A Russian song site says:

Plevitskaya possessed a rare musicality, lush and flexible, and a mezzo-soprano of wide range. Her repertoire included, alongside popular ditties of mediocre quality, superb examples of Russian peasant folksong from Kursk province as well as songs of city life that are still meaningful today. Her manner of performance showed great sincerity, rich intonation, expressive declamation, and an unusually subtle and deep feeling for the beauty of Russian speech.

She later married a Lieutenant Shangin of the Cuirassiers, but he died in battle in January 1915. After the October Revolution, she became a communist and sang for the troops of the Red Army. In 1919, she was captured by a unit of the White Army, commanded by General Nikolai Skoblin, who married her in exile in Turkey after the defeat of the White Army.

==Exile in Europe==
Plevitskaya made concert tours throughout Europe (and, in 1926, to the United States, where she was accompanied by the composer, Sergei Rachmaninoff), while her husband, General Skoblin, took a leading role in a White émigré organization, the ROVS. It was there that Rachmaninoff heard her sing the song "You, My Cerise, My Rouge" (Белилицы, румяницы вы мои; Belilitsy, rumyanitsy vy moyi), which he used as the basis of the last of his Three Russian Songs for chorus and orchestra. However, neither career produced much income for Plevitskaya or Skoblin.

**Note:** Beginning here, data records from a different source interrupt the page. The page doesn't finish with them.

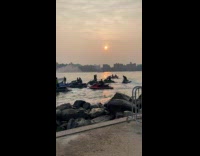 Collab winy - Men on Jet Ski Leaves Shore Together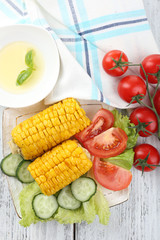 Grilled corn cobs on table, close-up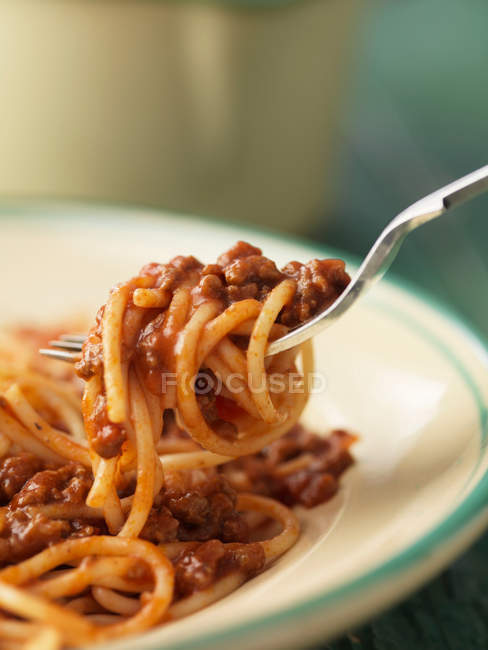 Forkful of spaghetti bolognese — Stock Photo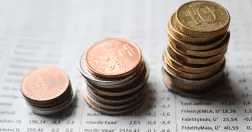 Tre staplar med svenska mynt i olika höjd. Lägst till vänster, näst högst i mitten och högst stapel mynt till höger. 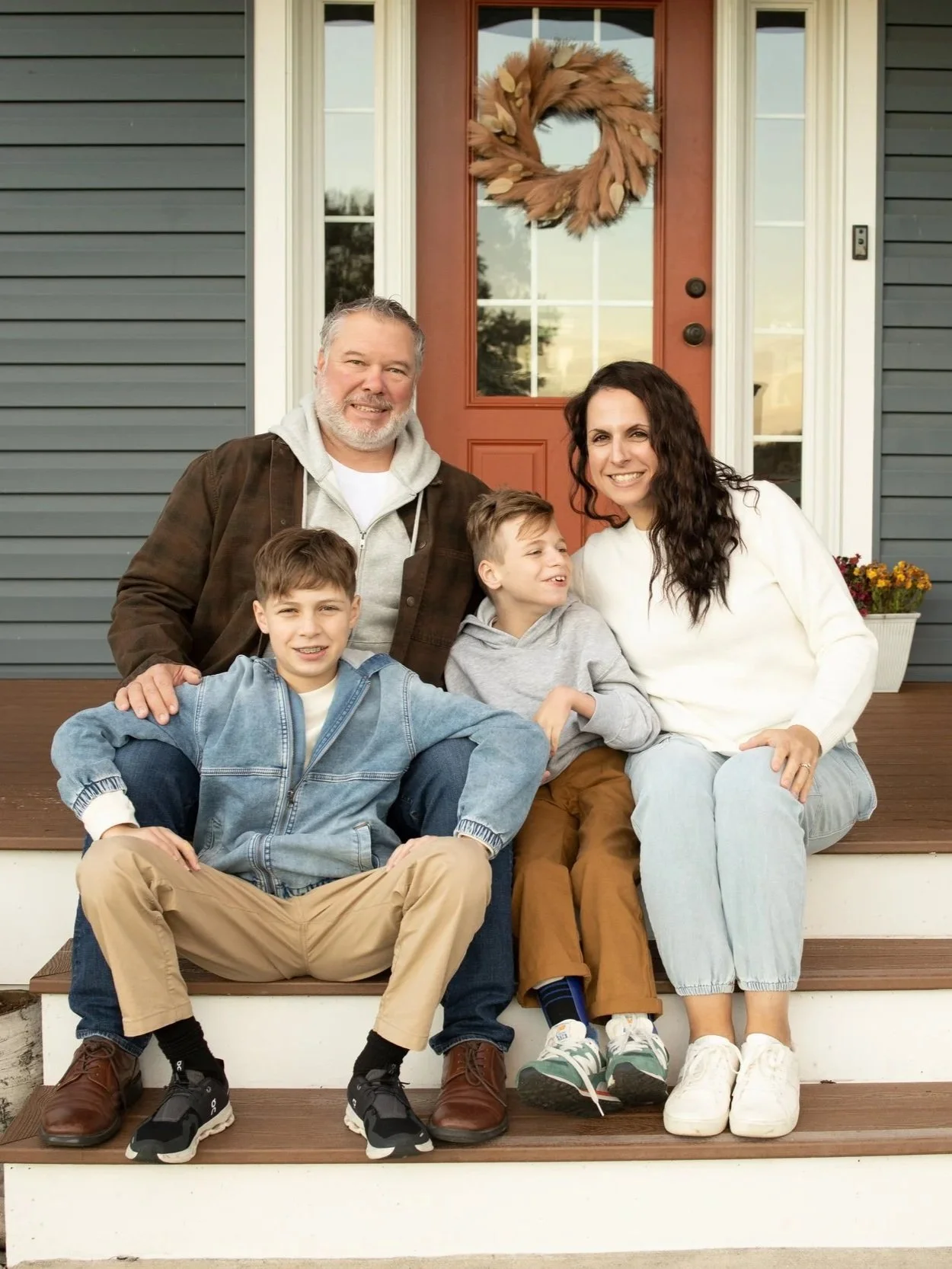 A family of four sitting on the front porch of their house, smiling at the camera. The family includes an older man, a woman, and two young boys. The house has gray siding, a red door with a wreath, and a flower box with yellow flowers.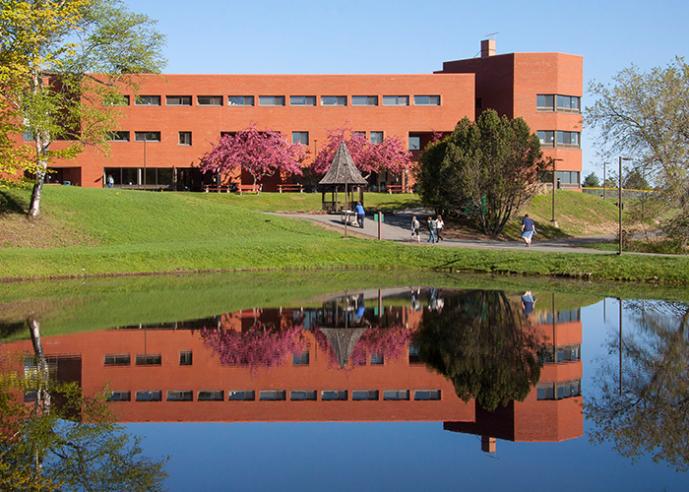 A college campus building with a pond in the foreground and blue sky in background.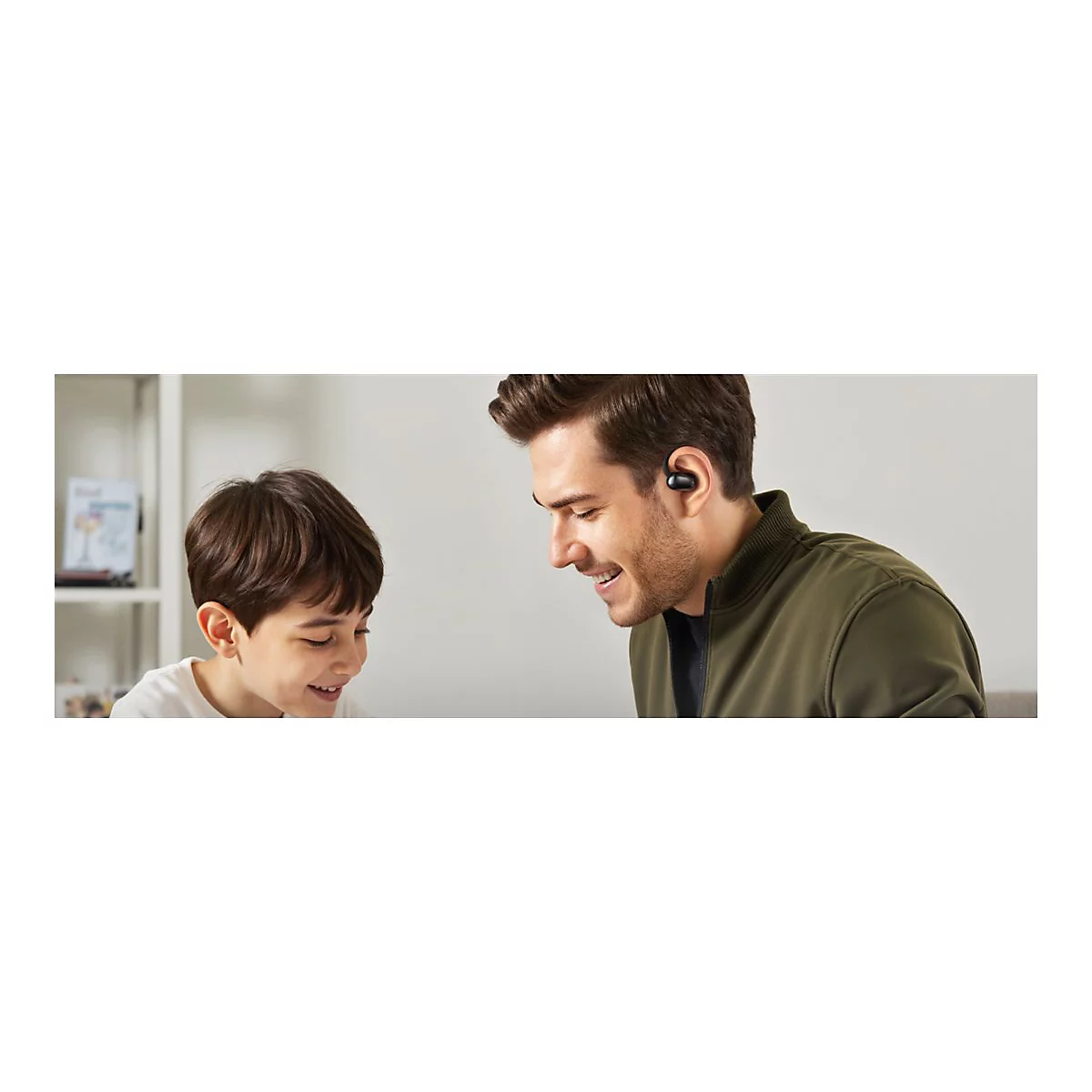 Ein lächelnder Vater trägt einen schwarzen In-Ear-Kopfhörer und schaut liebevoll auf seinen lachenden Sohn.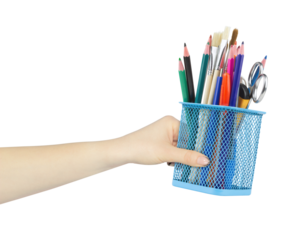 Colored pencils and various school supplies in a metal holder or cup in hand, outstretched hand with pen stand isolated from background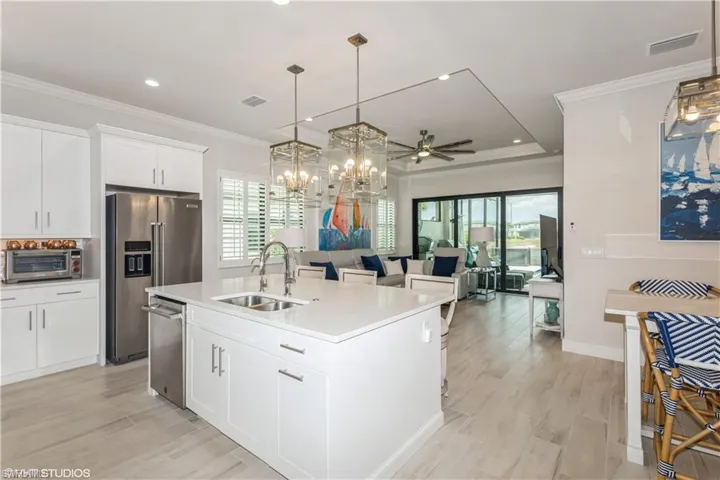 Kitchen with stainless steel appliances, a sink, plenty of natural light, crown molding, and a center island with sink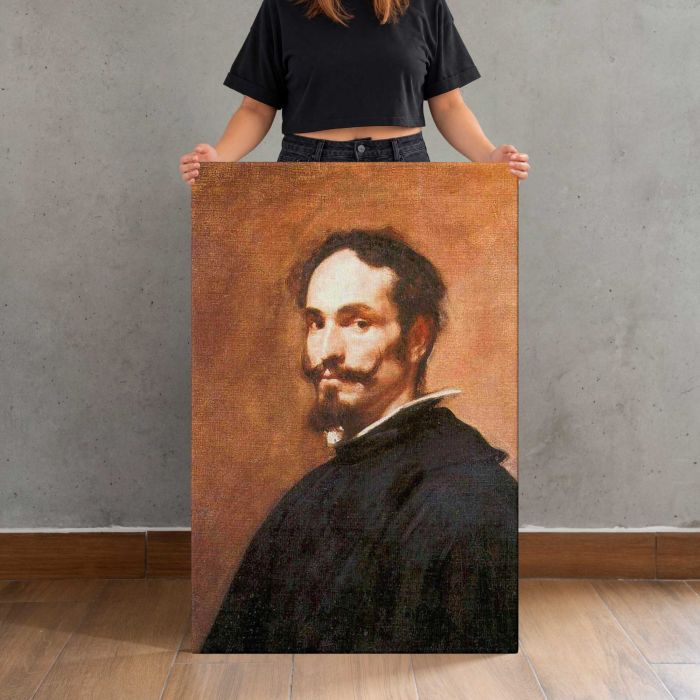 Portrait of a Man by Diego Velázquez canvas print, canvas shown with a person for scale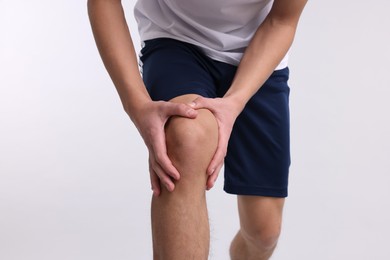 Photo of Young man suffering from pain in knee on light grey background, closeup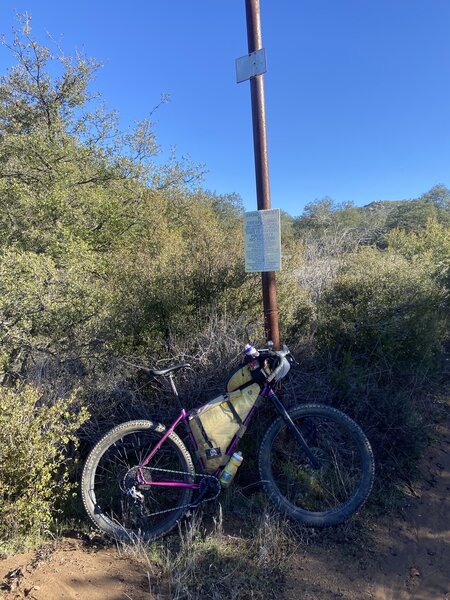 Sign at 6.9 mile marker: 'Avoid Arrest - Private Property'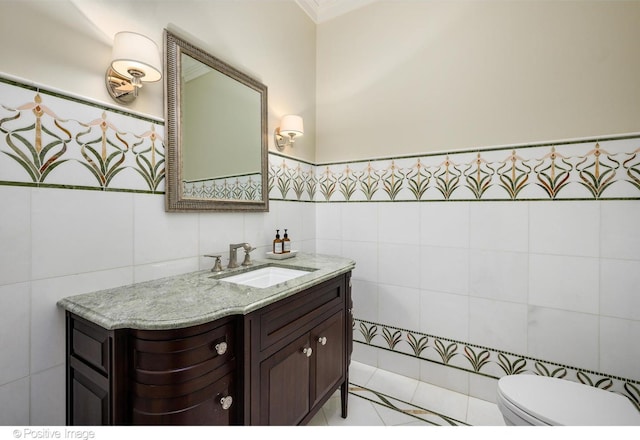 bathroom featuring vanity, tile walls, and toilet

Plevitskaya, a woman known to love the fine furs and jewelry worn by affluent women in the West, persuaded Skoblin to work for the Soviet Union.

==Soviet intelligence agent==
In 1930, Plevitskaya and Skoblin were recruited by the GPU (later the NKVD), the Soviet secret police. For some time, they worked together with the group of Sergei Efron. By all accounts, they served as accomplished and highly successful agents of Soviet intelligence. At first, the two were used on assignments in Western Europe.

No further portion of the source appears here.